In February of that year Sudbury was appointed with John of Gaunt, duke of Lancaster [q. v.], and others to treat with France. William Wittlesey [q. v.], archbishop of Canterbury, having died on 6 June, and the election of Cardinal Simon Langham [q. v.] having been quashed, Sudbury was translated by papal bull to Canterbury in 1375, and received the temporalities on 5 June (ib. p. 1028). In August, by the king's appointment, he accompanied Lancaster to the conference at Bruges, and must there have been in constant communication with Wyclif, who was one of the English commissioners. While in Flanders he received his pall. He returned to England in 1376, and was enthroned on Palm Sunday, 13 April.

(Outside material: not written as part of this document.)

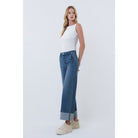 Women's Vervet High Rise Slant Pocket Cuffed Ankle Wide Jeans T7114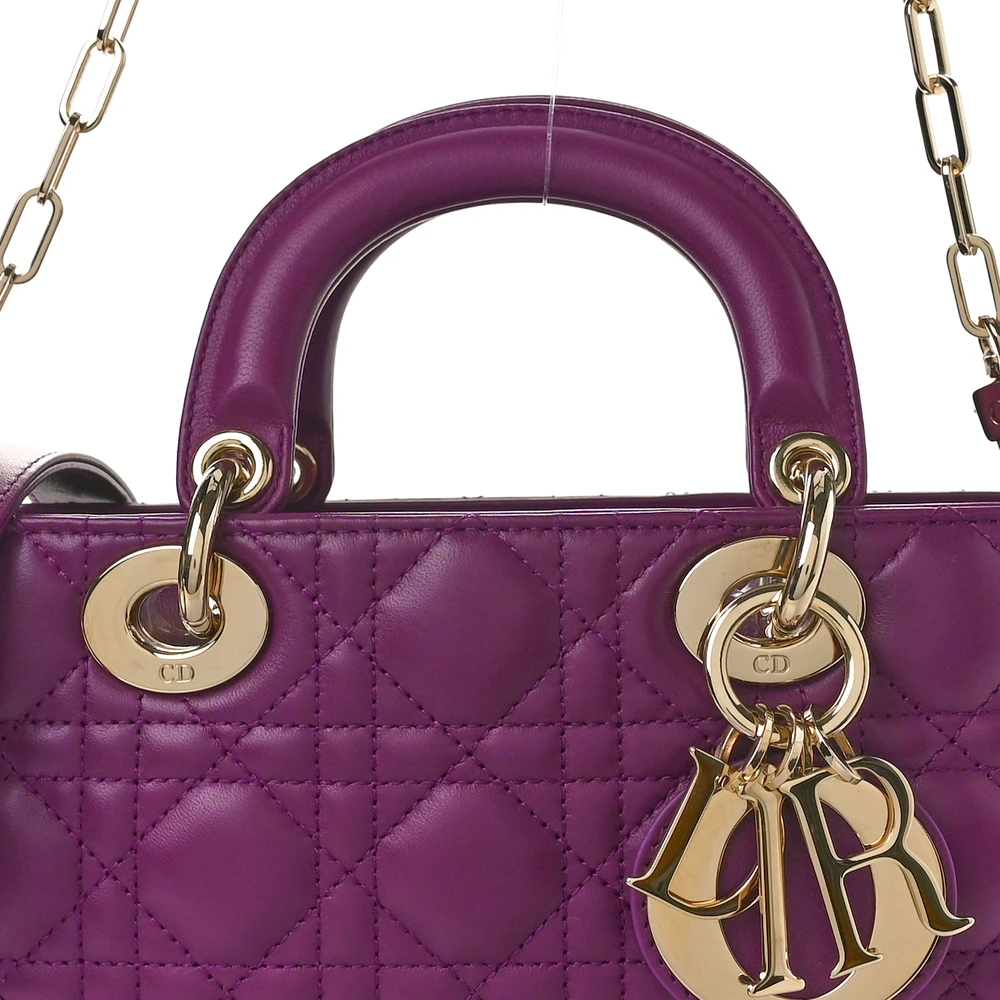Lushentic Bag Medium Lady D-Joy Purple Cannage Lambskin Leather Gold Hardware - Image 8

He was a member of Lancaster's party, was blamed by the enemies of Alice Perrers [q. v.] for causing her ‘magician,’ a Dominican friar, to be remitted to the custody of his order instead of having him burnt, and for not excommunicating Alice herself for breach of an oath that she had made before him (Chronicon Angliæ, pp. 99–100). At the meeting of convocation in January 1377 he tried to oppose the demand of the clergy that William of Wykeham, bishop of Winchester, then in disgrace, owing to the triumph of Lancaster, should be specially called upon to attend, but was forced by their insistence, and by William Courtenay [q. v.], bishop of London, to send for him. He was held to be neglectful of his duty with respect to Wyclif, and to have been urged to activity by his suffragans, and specially by Courtenay, who seems to have acted independently of him at the abortive trial of Wyclif on 19 Feb.

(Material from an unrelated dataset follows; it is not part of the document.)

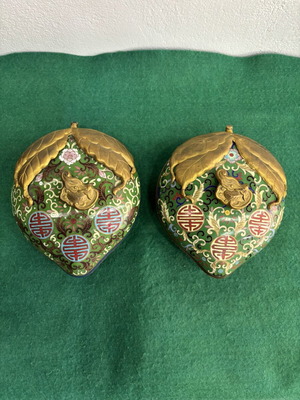 Cloisonné fondant dishes used, set of two, 19th century strawberry shape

Sudbury crowned Richard II on 16 July 1377, and at the meeting of parliament on 13 Oct. expounded the needs of the kingdom in a speech founded on the text Matt. xxi. 5. Having received the bulls of Gregory XI against Wyclif, he wrote to the chancellor of the university of Oxford, notifying his intention of holding the inquiry demanded by the pope, and asking for doctors of divinity to be his assessors. Acting with Courtenay, he directed on 18 Dec. that an examination of the charges against Wyclif should be held at Oxford, and that he should be sent to London to appear before him and Courtenay, in accordance with their citation; but the hearing was postponed until after Christmas, and the place changed from St. Paul's to Lambeth, where early in 1378 Wyclif appeared before the archbishop in his chapel. Either during or before the opening of the proceedings the Princess of Wales sent the judges an order that they were not to proceed to sentence. While the inquiry was in progress the Londoners appeared in the chapel and made a disturbance. Sudbury bade Wyclif keep silence on the matters in question, and not suffer others to discuss them, and the proceedings ended. During that year he continued his visitation, begun in 1376, and was resisted by the abbey of St. Augustine's, Canterbury, over which, though an exempt monastery, he claimed jurisdiction as ‘legatus natus.’ The convent appealed to the pope, and the matter was not settled at Sudbury's death (Thorn, cols. 2155–6). Sanctuary having been violated at Westminster by the followers of Lancaster, who slew a man in the abbey church, Sudbury, after some hesitation, excommunicated all concerned in the offence, excepting Lancaster by name. He was prompt in upholding Urban VI against the cardinals, and preached against the schism. In a convocation held in November some constitutions were published in his name, one of them regulating the stipends of priests engaged to celebrate private masses. In March 1379 he was appointed on a commission to examine the accounts of the last subsidy and the state of the revenue.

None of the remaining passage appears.